Il y a une énorme opposition qui se développe contre les UAW,
comme l'ont démontré les rébellions par les travailleurs de la base depuis
l'année dernière à Indianapolis et à Fremont, en Californie. De plus, il y a un
nouvel esprit de résistance dans la classe ouvrière dans son ensemble, qui est
mis en évidence par la bataille durant un mois au Wisconsin contre les attaques
incessantes des grandes entreprises sur l'emploi, le niveau de vie et les
droits en milieu de travail.
Les efforts des dirigeants syndicaux, qui sont en
partenariat étroit avec le Parti démocrate, ne seront pas en mesure d'empêcher
l'émergence de l'opposition de la classe ouvrière.
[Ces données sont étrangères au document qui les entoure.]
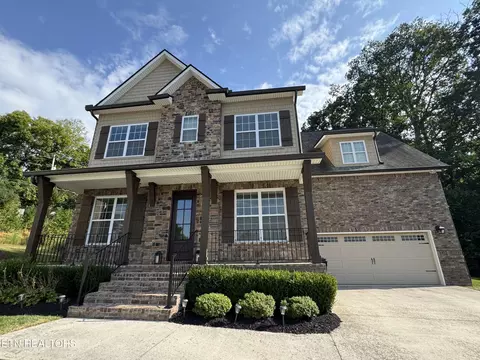 8520 Flowering Peach Ln, Knoxville, TN 37923
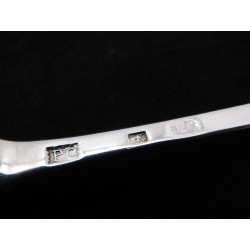 Canongate Peter Cuthbertson silver table spoon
Les travailleurs de
l'automobile, tout comme leurs frères et sours de classe dans tout le pays et à
l'étranger riposteront.
La situation des travailleurs de l'automobile est,
cependant, l'expression concentrée d'une crise de direction que confronte la
classe ouvrière dans son ensemble. Le succès de ces luttes dépend de la formation
de nouvelles organisations, des comités de travailleurs indépendants des
syndicats et contrôlés démocratiquement par les travailleurs eux-mêmes.
Mais surtout, les travailleurs ont besoin d'une nouvelle
perspective politique. Le rôle des UAW est inextricablement lié à son alliance
politique avec le Parti démocrate et le système capitaliste. Les UAW, comme
l'appareil syndical dans son ensemble, défendent entièrement le droit des sociétés
de gérer l'économie de manière à maximiser les profits des cadres et de Wall
Street. De là découlent les demandes des UAW que les
travailleurs de l'automobile acceptent leur propre appauvrissement.
La lutte pour défendre les emplois et les salaires des
travailleurs de l'automobile doit être liée à la lutte de la classe ouvrière
dans son ensemble afin de prendre le pouvoir politique et de transformer
l'économie sur la base des besoins sociaux et non le profit privé. Telle est la lutte pour le socialisme.